Le context switching coûte vraiment cher. Coder seul sur un week-end m'a rappelé à quel point chaque interruption casse quelque chose. Ce que j'accepte parfois trop facilement pour mes équipes — "juste une réunion de 30 minutes au milieu de l'après-midi" — coûte bien plus que 30 minutes. Je le savais. Je le ressens différemment maintenant.

Les edge cases sortent à l'usage, pas à la spec. J'avais prévu un compteur d'épisodes. Je n'avais pas prévu qu'il faudrait qu'il couvre aussi les séries. C'est seulement en ajoutant de vraies entrées séries que j'ai vu que la requête SQL avait un WHERE media_type = 'anime' trop restrictif. Aucune spécification n'aurait capturé ça avant. C'est un argument pour itérer vite sur du réel, pas pour sur-spécifier en amont.

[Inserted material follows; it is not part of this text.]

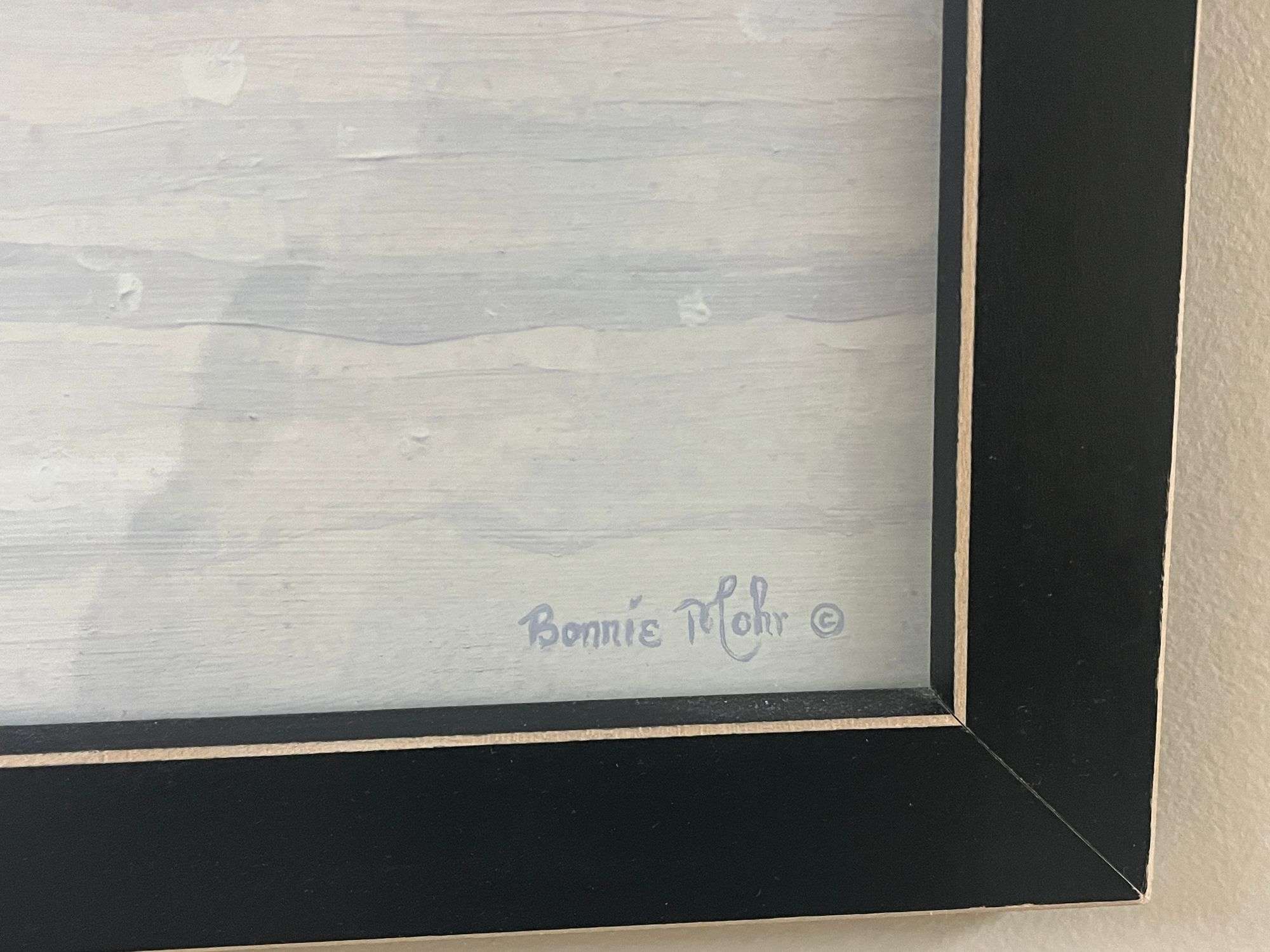 Snow Print by Bonnie Mohr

Finir quelque chose a une valeur propre. En management, beaucoup de choses restent toujours "en cours" — les conversations, les initiatives, les changements culturels. Un side project qui démarre et qui se déploie, c'est une boucle qui se ferme. C'est rare et ça fait du bien.


Et maintenant

La médiathèque tourne. Les fiches se construisent. Les statistiques reflètent quelque chose de vrai sur trente ans d'animés regardés depuis un canapé, un samedi matin, devant le Club Dorothée.

Le prochain chantier technique sur lequel j'ai envie de mettre les mains : les modes d'édition d'image avancés (outpainting, inpainting) sur ImagiChet. Parce que les side projects ont cette propriété : ils génèrent leurs propres questions suivantes.